Si nous cherchons quelles causes pourraient expliquer la médiocrité ou du moins la lenteur de ces résultats, nous en trouvons une première et fondamentale dans ce fait que les Japonais regardent le christianisme comme une religion étrangère, la religion de ces Blancs dont ils ont bien voulu accepter les sciences et les industries, parce qu’elles l’emportaient trop clairement sur les leurs et qu’elles étaient indispensables à leur avancement matériel, mais dont les croyances, les mœurs, les inclinations ne leur paraissent en aucune façon préférables aux leurs.

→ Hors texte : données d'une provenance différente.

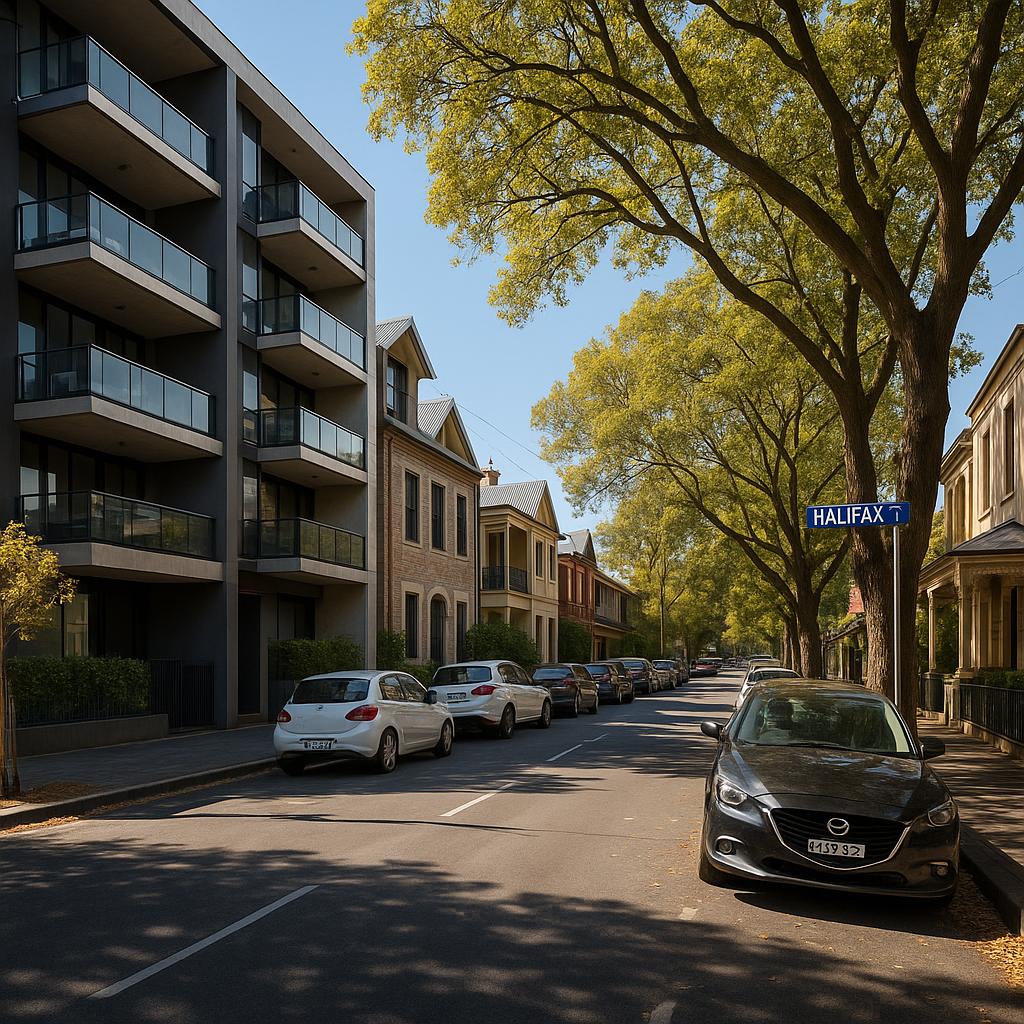 Halifax Street Adelaide inner-city streetscape with apartments and townhouses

Et il est certain que, pour la dignité de vie, la pratique religieuse, les préoccupations morales de n’importe quel ordre, les voyageurs, négocians, marins, d’origine chrétienne qui fréquentent le Japon ne sont généralement pas faits pour y donner de notre foi une bien haute idée. Il en va autrement, par bonheur, des missionnaires de toute confession ; mais l’impression plus favorable que ne manquerait point de produire leur vertu, est tristement contre-balancée par leur diversité même et par l’opposition de leurs enseignemens : pour des infidèles que l’Evangile commencerait d’ébranler, rien de troublant comme de le voir tiré en des sens contraires par ceux qui viennent le proposer.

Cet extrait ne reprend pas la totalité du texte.